Mas nada disso é spoiler.

Moser: “As pessoas têm um estereótipo limitado de Sontag. Havia muita coisa escrita sobre ela, muita fofoca, muitas coisas que no início a gente acredita, mas o importante pra mim é ir além (...), é entender a diferença entre a realidade e a realidade representada, entre a pessoa e a imagem da pessoa, entre a coisa em si e como ela é descrita com a linguagem (que, aliás, é uma coisa superclariciana [nota 1]), porque essas são questões muito antigas e muito relevantes”.

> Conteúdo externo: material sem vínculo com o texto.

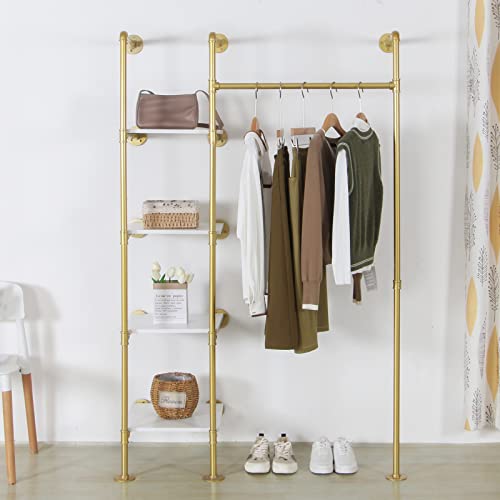 EDCB Garment Rack Heavy Duty Clothes Rack for Hanging Clothes, Metal Freestanding Closet Wardrobe Rack, Gold Industrial Pipe Clothing Rack with Shelves Closet Rods System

Em Sontag: her life and work é retratada não apenas a persona Sontag, que é como a própria gostaria de ser vista, mas a pessoa, com suas contradições políticas, literárias, afetivas. O tom da biografia, de um entusiasmo não condescendente, faz com que Susan, a pessoa disruptiva e muitas vezes desagradável, seja apresentada sem julgamento moral, numa abordagem que nem é derrogatória, nem protetiva; e faz com que Sontag, a intelectual poderosa, tantas vezes brilhante (mas nem sempre), seja retratada sem mistificação, com suas inseguranças e limitações.

Para essa, que é a primeira biografia autorizada da escritora, Moser teve acesso exclusivo a cartas, e-mails, rascunhos e notas inéditas, no arquivo oficial da autora, sediado na Universidade da Califórnia em Los Angeles (UCLA). Além disso, entrevistou centenas de pessoas no mundo todo, muitas delas falando pela primeira vez – inclusive Annie Leibovitz, até então reticente em falar da sua vida privada e de seu relacionamento com Susan (e com Sontag).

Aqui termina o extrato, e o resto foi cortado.